YOUR OBJECTIVE
Output the exact lines that start at the one containing "this 995×560 image." and continue to the last line of the entries below; do not output pictures.

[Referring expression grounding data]
»»
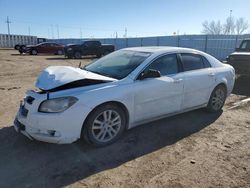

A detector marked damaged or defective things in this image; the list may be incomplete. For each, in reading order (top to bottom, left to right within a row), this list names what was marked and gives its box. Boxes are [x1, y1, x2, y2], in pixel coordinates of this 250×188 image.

dented hood [35, 65, 116, 90]
broken headlight [38, 96, 77, 112]
damaged white car [14, 46, 235, 146]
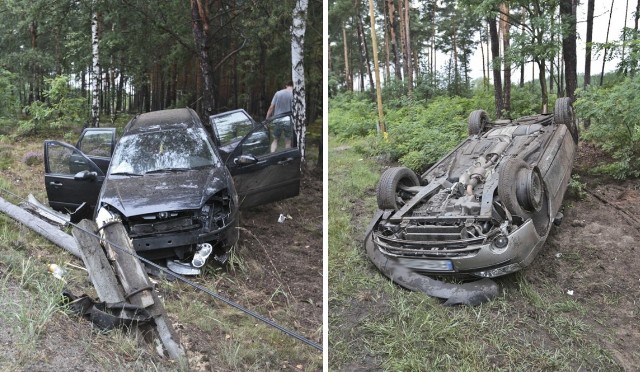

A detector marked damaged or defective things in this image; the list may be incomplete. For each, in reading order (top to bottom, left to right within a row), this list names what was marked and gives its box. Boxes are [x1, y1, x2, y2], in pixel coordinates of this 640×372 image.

broken wooden pole [0, 195, 82, 258]
broken wooden pole [71, 219, 126, 304]
shattered windshield [110, 126, 220, 176]
crashed black car [45, 107, 300, 270]
damaged car door [210, 110, 300, 209]
crashed black car [364, 97, 580, 304]
overturned silver car [364, 97, 580, 304]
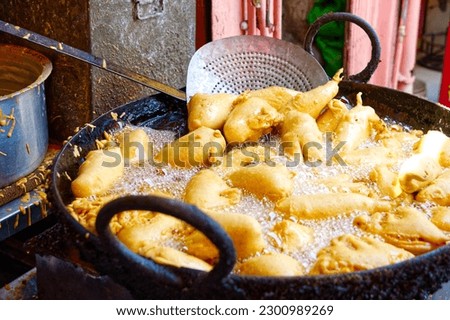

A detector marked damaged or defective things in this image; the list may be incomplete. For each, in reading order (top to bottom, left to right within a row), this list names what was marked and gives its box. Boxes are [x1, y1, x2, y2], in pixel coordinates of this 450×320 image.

rusty metal surface [0, 0, 196, 141]
rusty metal surface [89, 0, 195, 117]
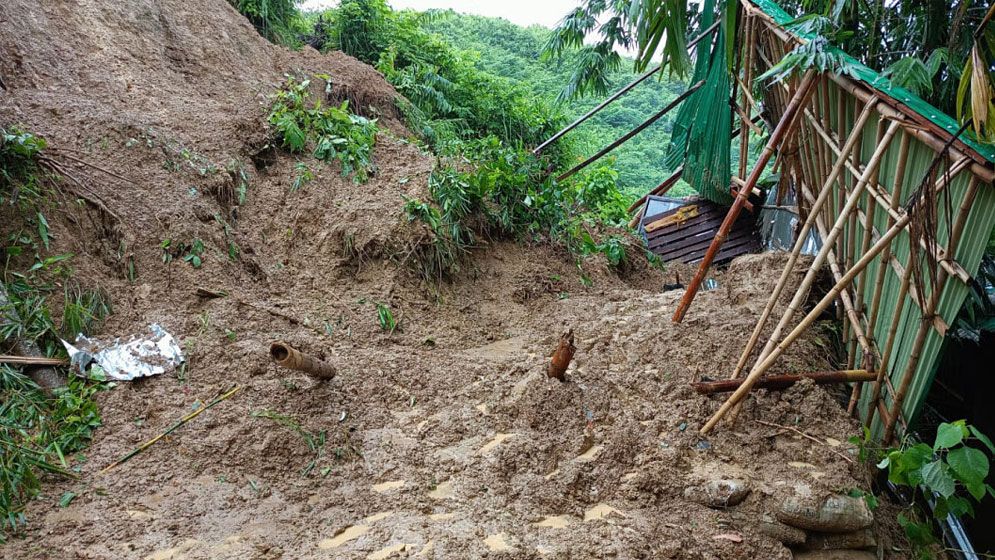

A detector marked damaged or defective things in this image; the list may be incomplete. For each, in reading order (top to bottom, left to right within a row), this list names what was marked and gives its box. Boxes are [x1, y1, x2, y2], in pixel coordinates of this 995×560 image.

broken wooden stick [268, 342, 338, 380]
broken wooden stick [548, 328, 580, 380]
broken wooden stick [692, 370, 872, 396]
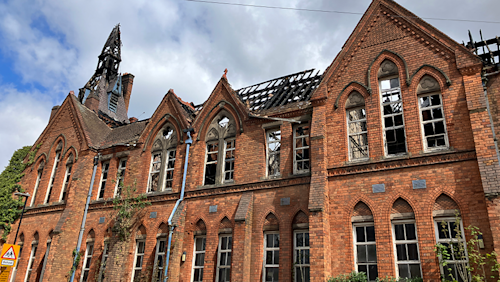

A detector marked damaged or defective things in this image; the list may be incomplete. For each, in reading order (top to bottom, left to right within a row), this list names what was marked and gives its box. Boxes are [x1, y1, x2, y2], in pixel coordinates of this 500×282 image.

broken window frame [44, 151, 61, 204]
broken window frame [266, 129, 282, 177]
burnt roof structure [235, 68, 322, 111]
broken window frame [292, 123, 310, 174]
broken window frame [346, 106, 370, 161]
broken window frame [380, 77, 408, 156]
broken window frame [418, 92, 450, 151]
broken window frame [354, 223, 376, 282]
broken window frame [390, 219, 422, 278]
««
RESPONSE TO THE TASK
A detector marked damaged or defective things in this image; the list may be incomplete. For each, in reading order (top to bottom, left to right within a row), this list names what was marked and gives its box. Boxes are [x1, y1, x2, y2], in pixel coordinates of this 995×560 image.

broken wooden stick [268, 342, 338, 380]
broken wooden stick [548, 328, 580, 380]
broken wooden stick [692, 370, 872, 396]

A detector marked damaged or defective things in this image; the list may be incomplete. For each, in reading order (top to bottom, left to right within a row), this list names what was marked and gives its box. Boxes are [x1, y1, x2, y2], in pixel coordinates of this 500×282 image.

broken window frame [44, 151, 61, 204]
broken window frame [266, 129, 282, 177]
burnt roof structure [235, 68, 322, 111]
broken window frame [292, 123, 310, 174]
broken window frame [346, 106, 370, 161]
broken window frame [380, 77, 408, 156]
broken window frame [418, 92, 450, 151]
broken window frame [354, 223, 376, 282]
broken window frame [390, 219, 422, 278]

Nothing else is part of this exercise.